Admoestaste-me um dia: “Âni, se não rezares mais, perder-te-ás”. Eu rezava realmente muito pouco; e também só contrariada, de má vontade.
Tinhas tu, sem dúvida, razão. Todos os que no Inferno ardem, não rezaram, ou não rezaram bastante. A oração é o primeiro passo para Deus. Sempre decisivo. Mormente a oração para aquela que é a mãe do Cristo, cujo nome não nos é lícito pronunciar. A devoção a Ela arranca ao demônio inúmeras almas, que os pecados lhe teriam infalivelmente atirado às mãos.
Furiosa continuo – por ser forçada: rezar é o mais fácil que se pode fazer na Terra. Justamente a essa facilidade Deus ligou a salvação.

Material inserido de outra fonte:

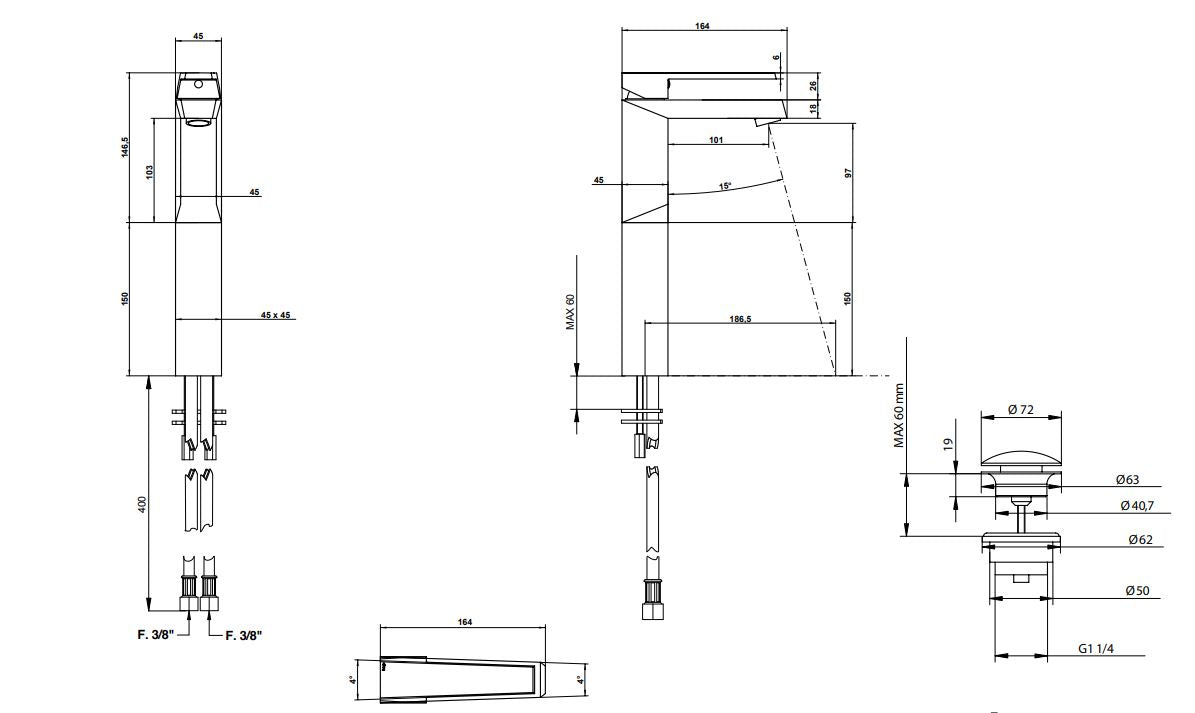 Stelth tall basin mixer for bathrooms in Pakistan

A quem reza coma assiduidade, Deus dá, paulatinamente, tanta luz e fortalece-o tanto que o mais afogado bode de pecador se pode definitivamente levantar pela oração, ainda que esteja submerso na lama até ao pescoço.
Nos últimos anos da vida eu deveras não rezava mais e assim me privava das graças, sem as quais ninguém se pode salvar.
Aqui não recebemos mais graça alguma. Mesmo que a recebêssemos, com escárnio a rejeitaríamos. Todas as vacilações da existência terrestre acabaram no além.